Corsair Clearance? I’m not sure you can really do a #FlashbackFriday post with something you can’t find in the past on your blog. But this is a special occasion: I’ve deleted this entire section from Curved Space to Corsair (Viridian System #2, in prep), and sometimes you just need to share your deleted scenes with your readers.
Why delete these scenes? Well, I had them in a sort of prologue, but called it chapter 1. While the clearance is dramatic enough in itself, we then go to our heroes, Pete, Lars, Dolores and Maggie, and stay with them for around half the book before we need to see how the people on Corsair are doing. It just didn’t work. I’m having to work some of this in as backstory instead. In fact, I’m writing a whole new story based on Corsair, and then dividing it up into suitable chunks within the rest of the book.
You can join in Flashback Friday. Just republish a post on your blog that you want to have some more airtime, or attention, or lurv… and link it to the comments here – or link your blog up to the Flashback Friday page as in my menu above.
The Corsair Clearance
Screams and shouts echoed over the gently sloping fields as dawn pressed through the rising mist of a fine summer’s day. The idyllic and fertile land of the planet Corsair had seen twenty-four years of Imperium rule. After the initial killings and enslavement, those who were left had enjoyed a peaceful existence, provided they worked from dawn to dusk in the fields alongside the automatic harvesting machines, ensuring the Imperium’s bread-baskets remained filled.

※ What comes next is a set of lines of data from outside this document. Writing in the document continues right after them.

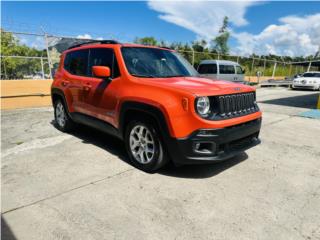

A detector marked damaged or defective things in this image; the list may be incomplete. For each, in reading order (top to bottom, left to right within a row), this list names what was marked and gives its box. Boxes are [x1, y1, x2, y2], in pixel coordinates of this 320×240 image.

cracked concrete ground [0, 88, 320, 240]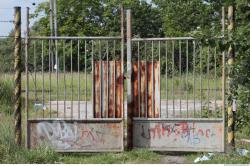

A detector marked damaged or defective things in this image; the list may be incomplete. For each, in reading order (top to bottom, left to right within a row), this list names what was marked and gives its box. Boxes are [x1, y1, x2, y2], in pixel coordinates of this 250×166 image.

rusty metal panel [28, 118, 123, 152]
rusty metal panel [133, 118, 225, 152]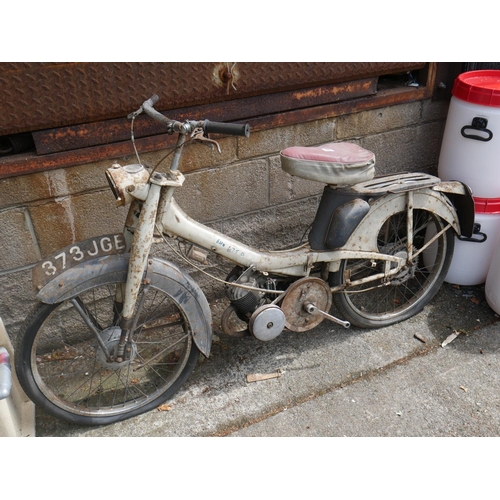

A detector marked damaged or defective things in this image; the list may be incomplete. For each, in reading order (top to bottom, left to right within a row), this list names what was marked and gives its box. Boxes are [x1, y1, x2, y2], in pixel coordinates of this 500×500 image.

rusty metal surface [0, 62, 424, 137]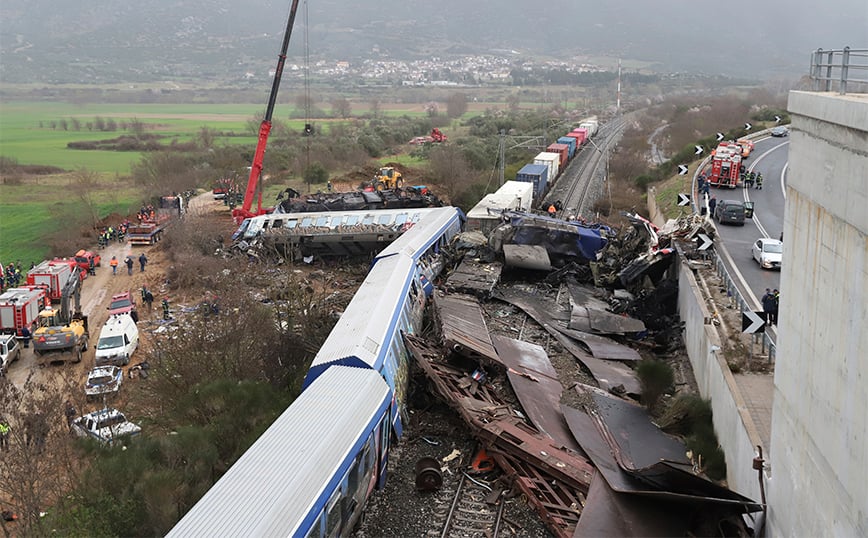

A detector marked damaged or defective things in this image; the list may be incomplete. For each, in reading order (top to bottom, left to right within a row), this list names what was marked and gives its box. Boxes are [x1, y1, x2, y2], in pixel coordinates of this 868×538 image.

rusted metal panel [448, 256, 502, 298]
rusted metal panel [498, 243, 552, 268]
rusted metal panel [432, 292, 498, 362]
rusted metal panel [488, 336, 584, 452]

“What’s happening?” Maya Trescothick asked her husband Colin, as he burst through the doorway of their tiny wooden cottage.
“Get the kids, grab some food. We’re leaving.”

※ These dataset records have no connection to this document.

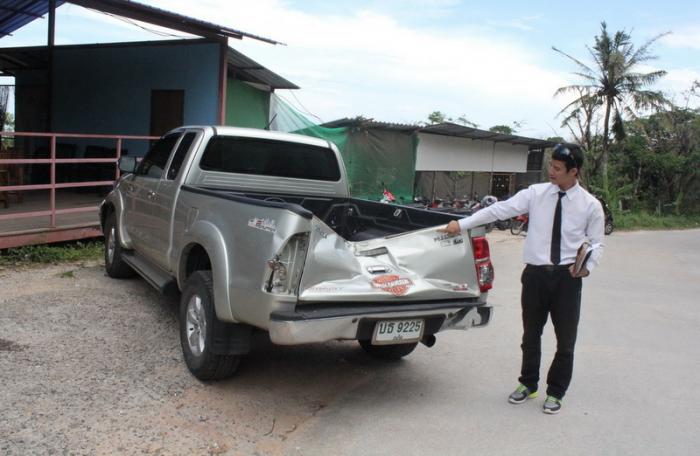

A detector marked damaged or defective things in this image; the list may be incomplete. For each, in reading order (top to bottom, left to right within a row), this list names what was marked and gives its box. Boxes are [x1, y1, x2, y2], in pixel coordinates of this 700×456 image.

cracked tail light [266, 233, 308, 294]
damaged silver pickup truck [101, 126, 492, 380]
cracked tail light [470, 235, 492, 292]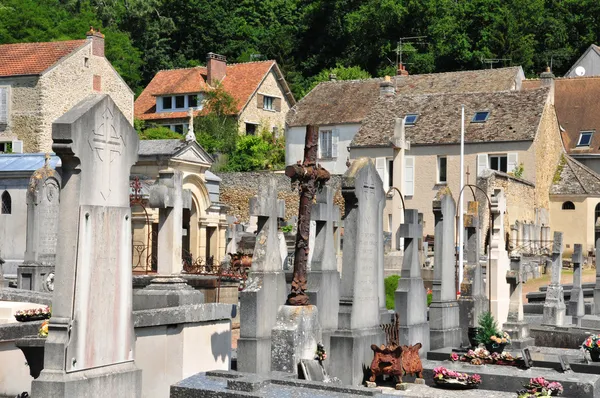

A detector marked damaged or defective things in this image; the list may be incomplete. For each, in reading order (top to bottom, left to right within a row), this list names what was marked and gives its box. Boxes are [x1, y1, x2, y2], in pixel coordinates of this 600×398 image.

rusty metal cross [284, 126, 330, 306]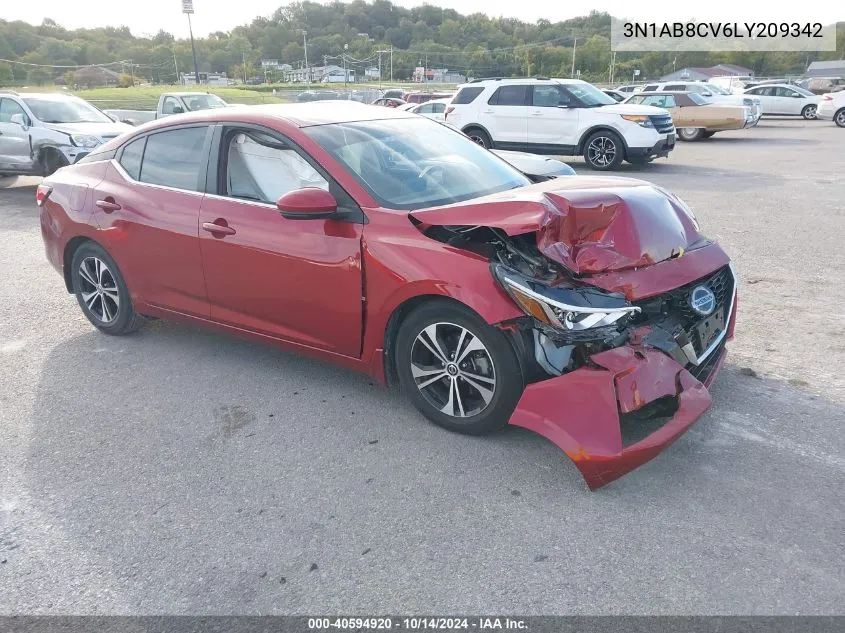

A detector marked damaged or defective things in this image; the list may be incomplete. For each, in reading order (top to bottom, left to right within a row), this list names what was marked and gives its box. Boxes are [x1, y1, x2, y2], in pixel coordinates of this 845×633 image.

red paint damage [408, 174, 700, 272]
crumpled hood [412, 177, 704, 272]
damaged red sedan [39, 103, 736, 488]
broken headlight [488, 262, 640, 330]
crushed front bumper [508, 346, 724, 488]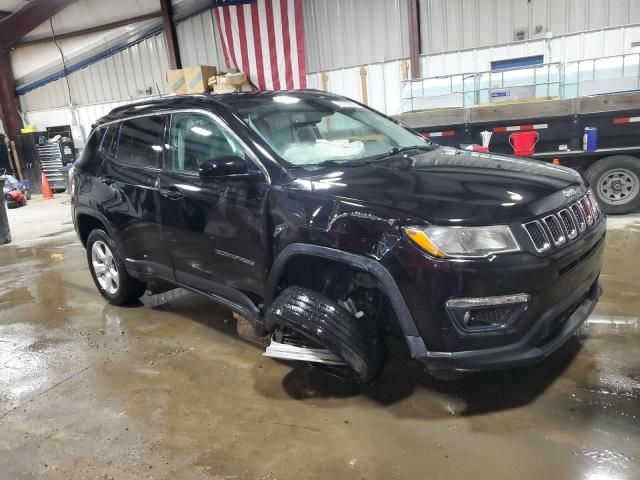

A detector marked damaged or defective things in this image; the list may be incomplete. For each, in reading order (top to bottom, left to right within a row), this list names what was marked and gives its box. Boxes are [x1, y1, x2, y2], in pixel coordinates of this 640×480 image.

detached wheel [584, 156, 640, 214]
detached wheel [85, 229, 147, 304]
detached wheel [266, 286, 384, 384]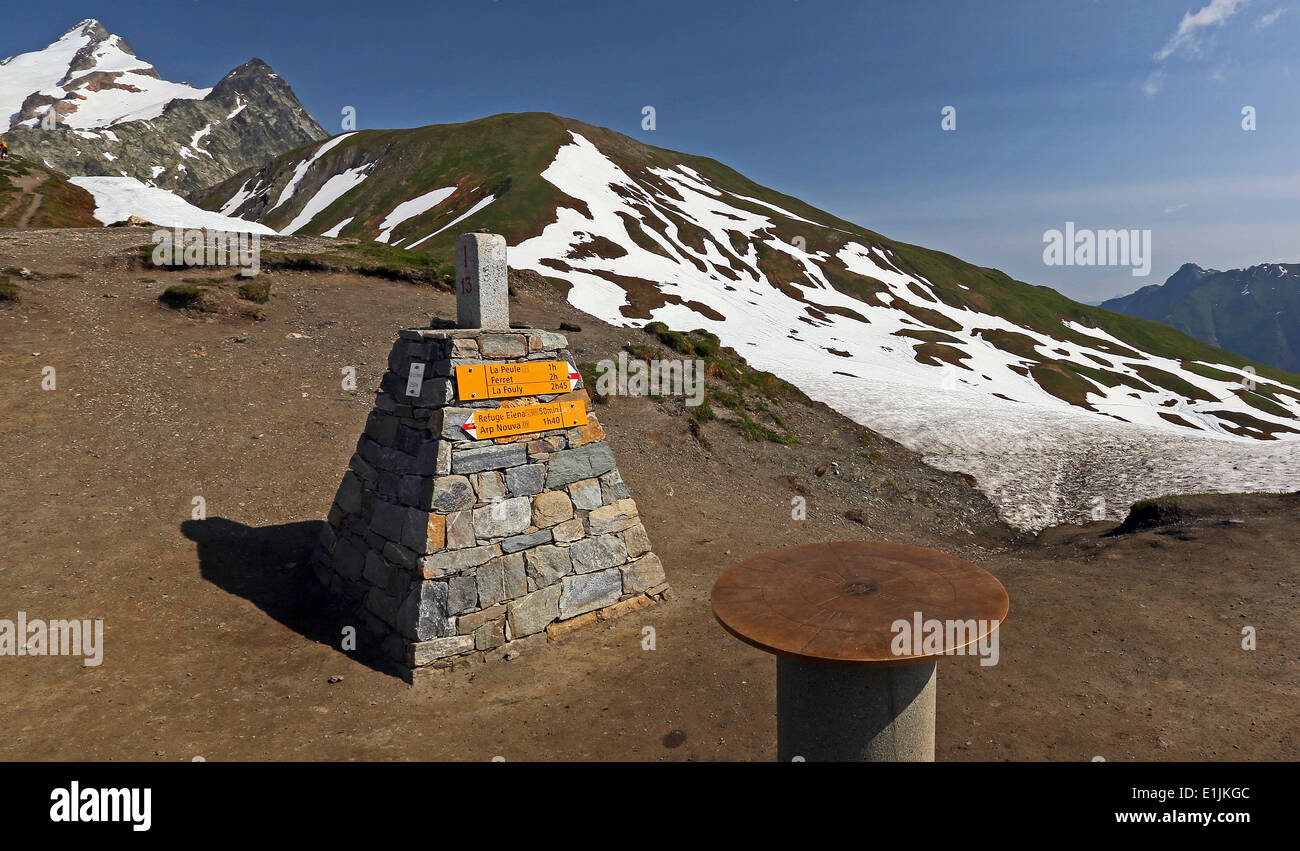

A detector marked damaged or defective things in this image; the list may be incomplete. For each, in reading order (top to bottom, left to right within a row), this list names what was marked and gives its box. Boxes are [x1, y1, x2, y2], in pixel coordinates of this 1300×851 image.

rusty orientation table [708, 544, 1004, 764]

“No buts, Maya. They’re back. Just like when we were kids. Move!”
Maya needed no second urging. She could hear explosions in the distance now, and more screams, from adults and children alike, noises that were growing louder.
She pulled the children from their bed, got them dressed, against their squeals and protests. “Come now, hurry. Hear the people running past? We have to join them.”

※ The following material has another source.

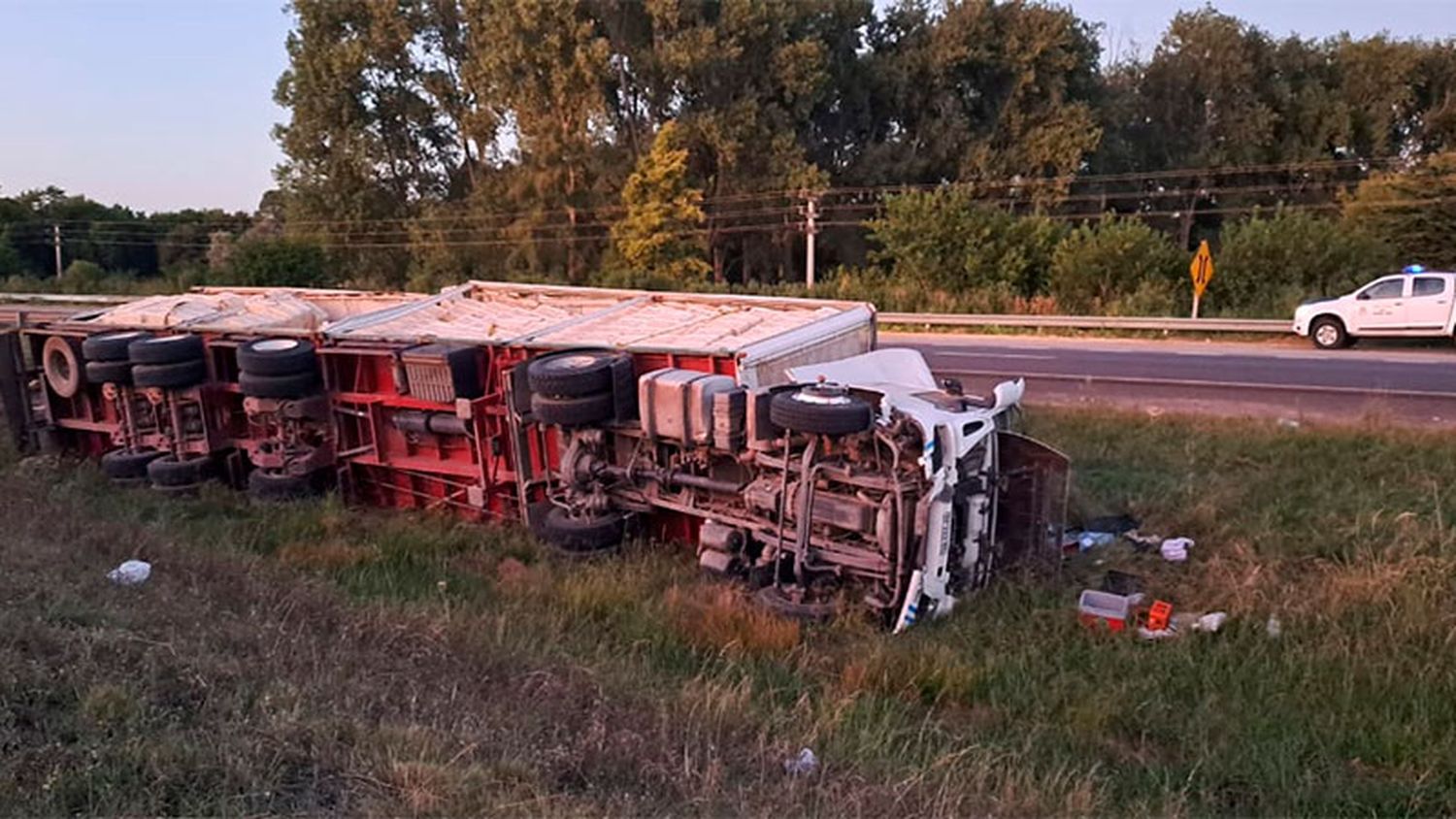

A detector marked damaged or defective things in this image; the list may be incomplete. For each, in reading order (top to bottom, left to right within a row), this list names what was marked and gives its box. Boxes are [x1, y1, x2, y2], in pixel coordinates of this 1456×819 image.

overturned truck [0, 281, 1072, 628]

“Dolly!” squealed Trisha, the four year old, hanging back as Maya pushed her out of the door into Colin’s waiting arms.
“I have her!” called Maya as she added a knitted woollen doll to the sack of essentials she was gathering. Wool sweaters, hats, scarves: barely a change of clothes each. Martin’s wooden horse got thrown in alongside Dolly, string, candles, a skein of sausages drying from the ceiling, two cooking pots, and a small box made of silvery metal.
“Maya!” Colin urged her on, settling the kids on the cart, pulling sacks of corn on board, and keeping the horse under some sort of control by hanging on to the end of the reins. Maya threw the sack on board too and joined her husband. He gave the horse its head and they set off, pausing only to haul three neighbours up onto the cart as they joined the flight away from their homes, away towards the hills and the limestone caves where they could hide.
Now they could hear the yells at the end of the village, screams from people who had stayed to defend their meagre hovels. Everything the people had built in the last twenty years, since they had emerged from the caves last time to work the land for the Imperium, was under threat. Explosions punctuated the screams. Three hovermachines moved inexorably forward, blasting every house in their paths as they chased the Corsairs off the land once more. Anyone in their homes died, vaporised. As long as they didn’t blast the retreating families …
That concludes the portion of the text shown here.